BEGIN Collected data
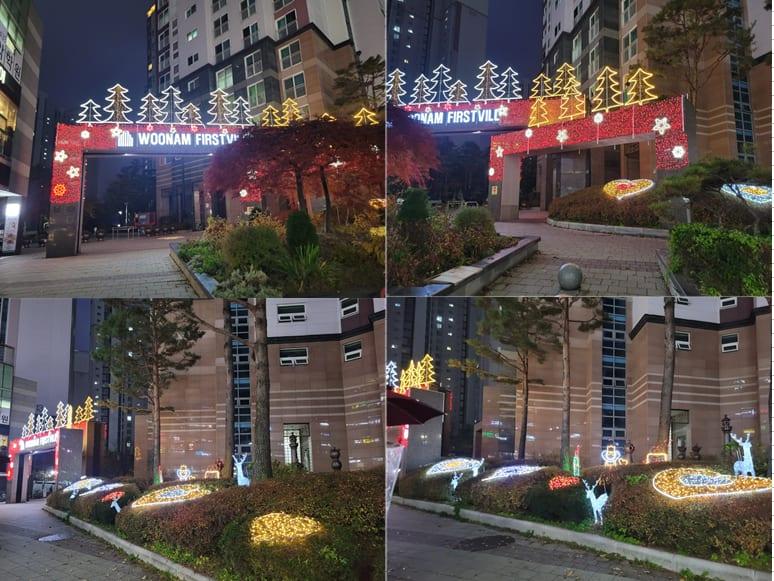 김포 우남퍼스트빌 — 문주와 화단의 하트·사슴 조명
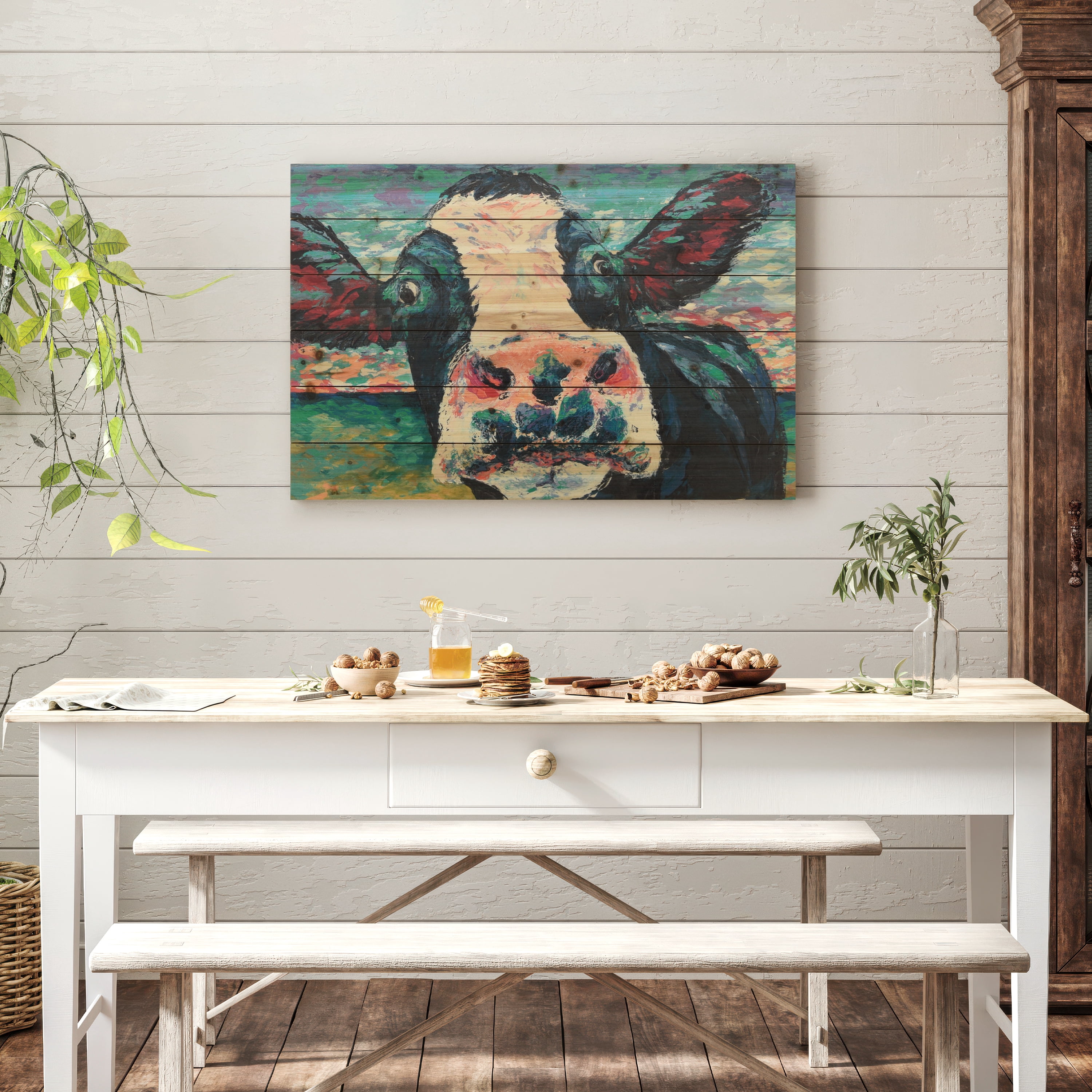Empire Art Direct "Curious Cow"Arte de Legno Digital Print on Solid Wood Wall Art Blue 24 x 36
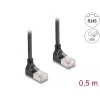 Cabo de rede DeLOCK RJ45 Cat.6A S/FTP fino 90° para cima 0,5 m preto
END Collected data
## [Exercise]
The whole listing above, line by line, needs to be copied exactly, except for any images.

## [Response box]
 김포 우남퍼스트빌 — 문주와 화단의 하트·사슴 조명
Empire Art Direct "Curious Cow"Arte de Legno Digital Print on Solid Wood Wall Art Blue 24 x 36
 Cabo de rede DeLOCK RJ45 Cat.6A S/FTP fino 90° para cima 0,5 m preto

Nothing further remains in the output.